Repeat only the lines below from the one that contains "Posezení v ubytování Mountain View Motel" through the final line, exactly. Omit pictures.
::: Entries shown :::
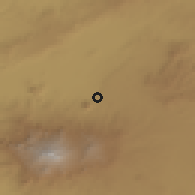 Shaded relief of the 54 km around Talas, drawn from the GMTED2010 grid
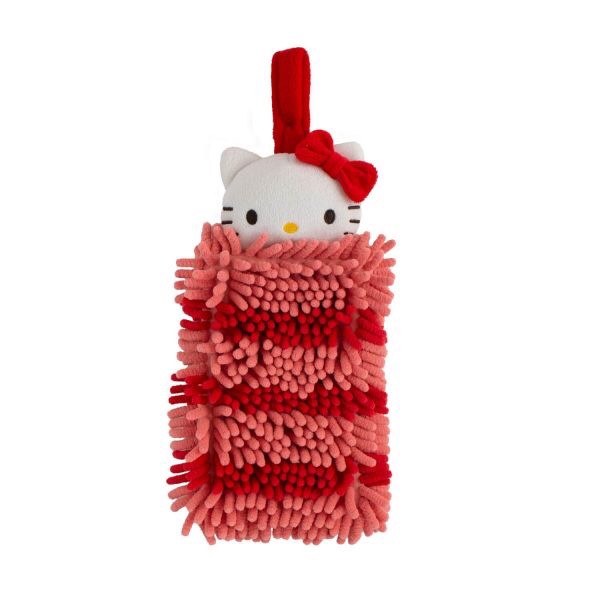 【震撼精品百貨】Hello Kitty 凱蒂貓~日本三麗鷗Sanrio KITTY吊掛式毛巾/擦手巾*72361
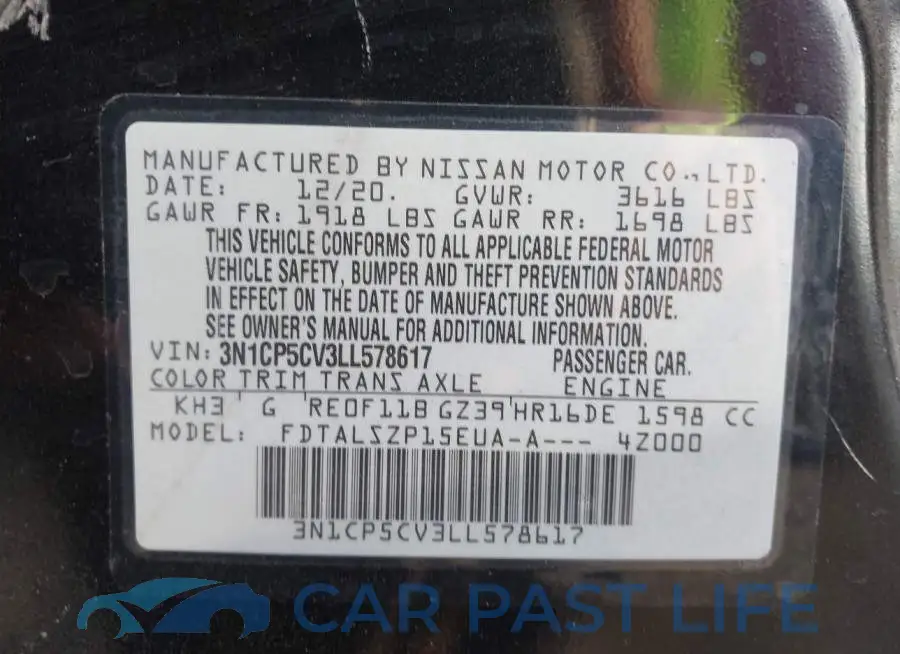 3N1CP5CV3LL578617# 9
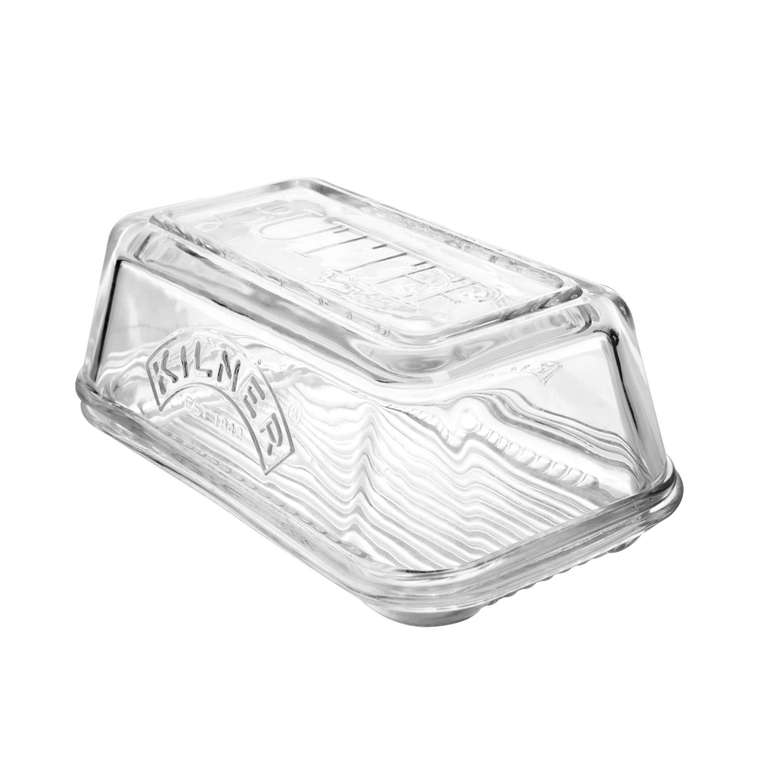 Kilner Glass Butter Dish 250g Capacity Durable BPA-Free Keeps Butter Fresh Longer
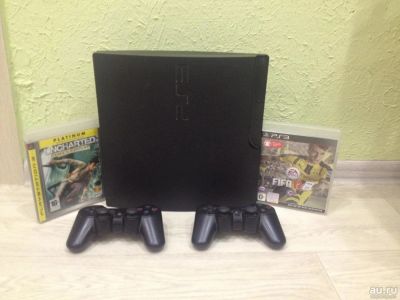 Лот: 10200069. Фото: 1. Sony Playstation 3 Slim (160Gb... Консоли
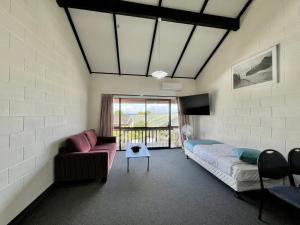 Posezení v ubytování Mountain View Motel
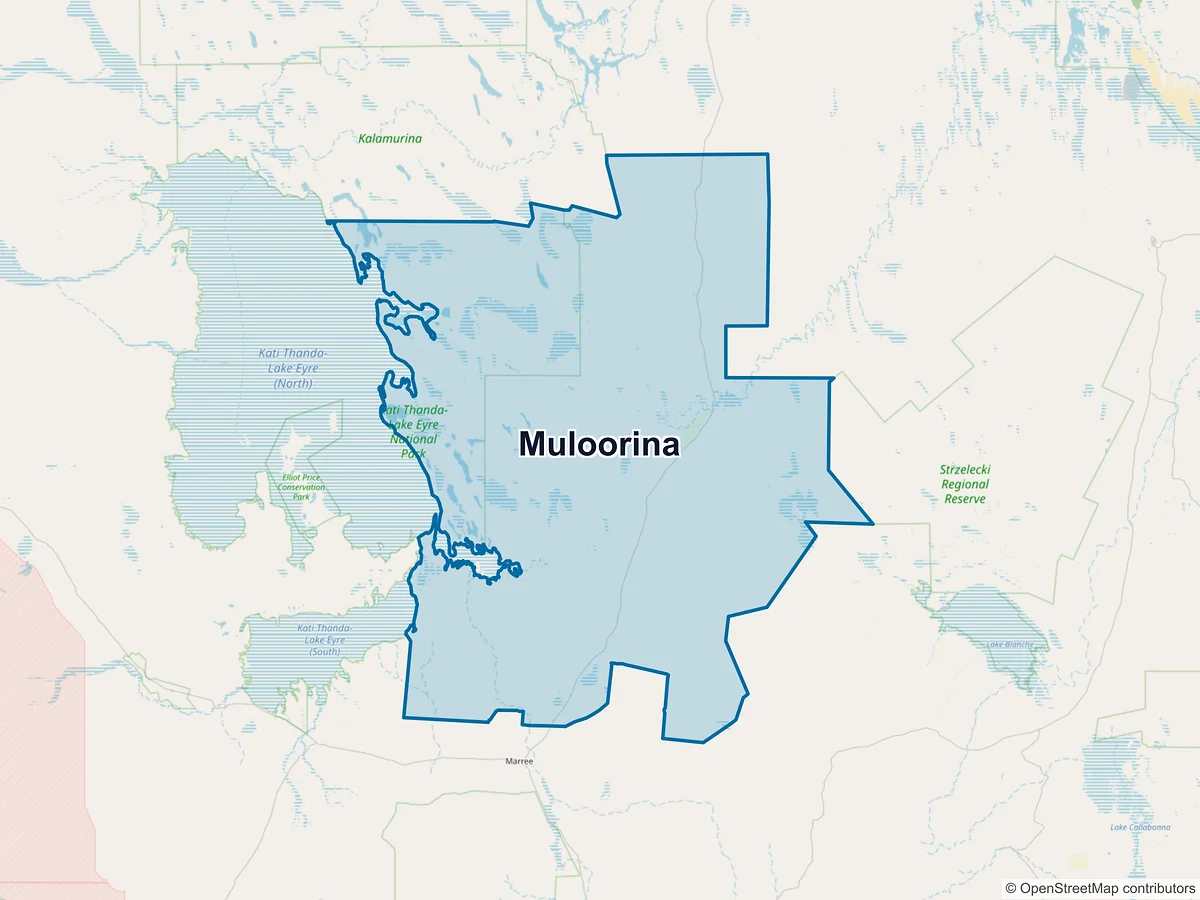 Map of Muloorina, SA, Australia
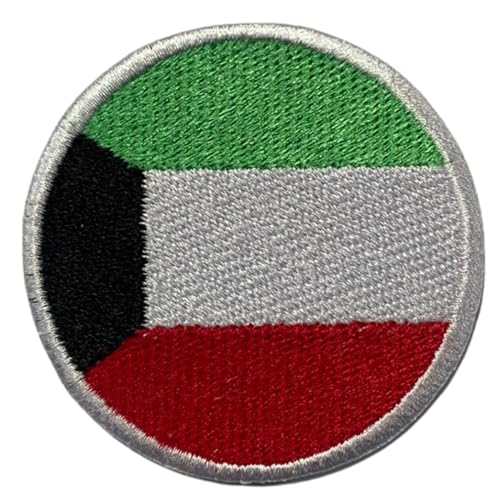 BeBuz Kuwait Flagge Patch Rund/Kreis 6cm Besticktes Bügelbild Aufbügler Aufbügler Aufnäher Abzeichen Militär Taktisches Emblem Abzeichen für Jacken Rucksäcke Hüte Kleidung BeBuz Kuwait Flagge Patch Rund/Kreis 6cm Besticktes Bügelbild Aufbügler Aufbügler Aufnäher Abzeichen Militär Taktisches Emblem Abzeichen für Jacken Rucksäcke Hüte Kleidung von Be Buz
:::
Solution to the exercise:
 Posezení v ubytování Mountain View Motel
 Map of Muloorina, SA, Australia
 BeBuz Kuwait Flagge Patch Rund/Kreis 6cm Besticktes Bügelbild Aufbügler Aufbügler Aufnäher Abzeichen Militär Taktisches Emblem Abzeichen für Jacken Rucksäcke Hüte Kleidung BeBuz Kuwait Flagge Patch Rund/Kreis 6cm Besticktes Bügelbild Aufbügler Aufbügler Aufnäher Abzeichen Militär Taktisches Emblem Abzeichen für Jacken Rucksäcke Hüte Kleidung von Be Buz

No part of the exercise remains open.